By now, fans have learned that Mitchell Trubisky has kept his word and has driven his grandmother’s old car all the way to Halas Hall. It’s perhaps fitting that a car with 170,000 miles on it is a symbol of a quarterback with so little experience.
Whether Bears fans like it or not, the franchise has now invested heavily in the future of this young man. I have gone on record as saying that I think he was the best quarterback prospect of this class, but I have also said that I would have preferred for the Bears to wait until Round 2 to get their next passer, even if that meant settling for a relatively lesser talent. Clearly, Ryan Pace disagreed.
One way or another, #10 is a bit of a raw prospect, but I was curious as to how raw he really was compared to other highly drafted quarterbacks. The answer is dramatic enough that I wanted to express the results in the form of a few charts charts. Here is how Trubisky compares to the top-drafted quarterbacks in the last few years in total pass attempts (the final bar refers to the average of all other first-round quarterbacks drafted since 2013, including the three from 2017).
With 572 attempts, Trubisky is considerably behind the other top passers drafted over the last five years. In fact, his total is barely more than half of the 1068 pass attempts averaged by the other eleven first-round quarterbacks. I am sort of reassured by the fact that the clear leader (Goff) suggests that the correlation between total pass attempts and success is tenuous, at best. Still, that’s not a lot of mileage.
Here’s another way at looking at this—assuming Trubisky’s car is the V6 model, it has a combined fuel economy of around 23mpg. That means that with its 18.5-gallon tank, it has needed around 399 tanks of gas so far. That’s more 13 connections with a fuel pump than Mitchell’s 386 college completions. Obviously, the math changes if he has the 4-cylinder.
Next, I wanted to look at passing yards. This time, I pulled the college passing yard totals for every first-round quarterback across the last five years.
Trubisky has actually thrown for just over 2.7 miles gained, which is also known as less than 1 mile for every 62,830 miles on his old car.

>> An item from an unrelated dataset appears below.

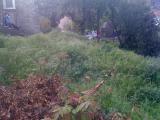 plac_1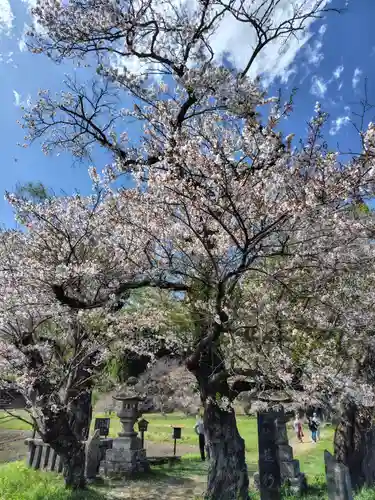 鏡山湯泉神社(栃木県)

Finally, I wanted to look at touchdown passes. On a pure “rate” level, Trubisky produced in the touchdown department. His numbers look slightly less impressive in terms of total touchdowns compared to his peer group, however.
Assuming the car he drives has gotten its oil changed every 3,000 miles (and there is little to no reason to assume that), then the car has enjoyed 56 oil changes, or 15 more oil changes than Trubisky has college touchdown passes.
None of this is intended to say Trubisky is going to fail. When I look at the available video of him playing, I have no trouble imagining him as a solid, dependable passer for the franchise. The problem, as so many have said, is just that there is so little of the film to consider.
Trubisky’s car was clearly a worthwhile investment. I don’t know what else the family was considering getting at the time, but it has obviously repaid the family’s confidence. Let’s hope the same car is still on the road by the time Pace’s investment pays off.